Ridge Regression – Standardization of Dummy Indicators in Lasso

categorical datalassonormalizationpredictive-modelsstandardization

Say I have a data set with say 5000 rows and about 150 columns (5000 samples, 150 predictors/features) and I'm interested in a applying a ridge or lasso regression. (Let us assume using a logit link function — if it matters). Again, if it matters, we'll say that some features are highly correlated — e.g., that more than half of them are actually dummy variable indicators. Let us also say we are more concerned with prediction accuracy than model interpretability (if we wanted a clean interpretation, we would not use a penalized regression!)

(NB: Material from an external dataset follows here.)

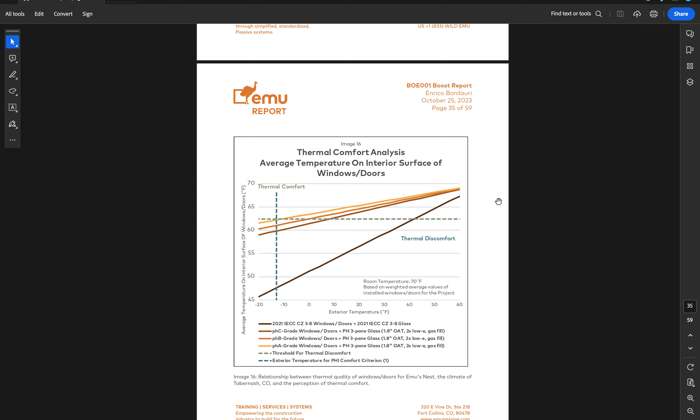We don't model individual specific project products. We model different performance grades—A, B, and C—and in the next video we are going to see what they are.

Now, the standard recommendation for penalized linear models is to standardize the data (I believe Tibshirani recommends this always. By standardize, I mean center and scale by the mean and standard deviation). However, this will destroy a lot of the structure inherent in the data set. It doesn't make sense to do this I think – since this will lead to what were binary indicators always being present in the model unless Lasso zeroes them out.

Is there a better way to deal with this issue? One could normalize the rows (e.g., Normalizer() in sklearn) which will preserve structure, but in practice this gives me vastly different results.

Should one standardize all inputs? Only non-binary ones? What about ordinal categories (say a column with 1,2,3,… measuring, say, years of education). Normalization or min/max scaling?

Clarification: By standardizing binary inputs, you remove the sparsity in the data set, as you must first subtract the mean. This is what I mean by "destroying the structure".

Best Answer

You have identified an important but perhaps under-appreciated issue: there is no single one-size-fits-all approach to normalize categorical variables in penalized regression.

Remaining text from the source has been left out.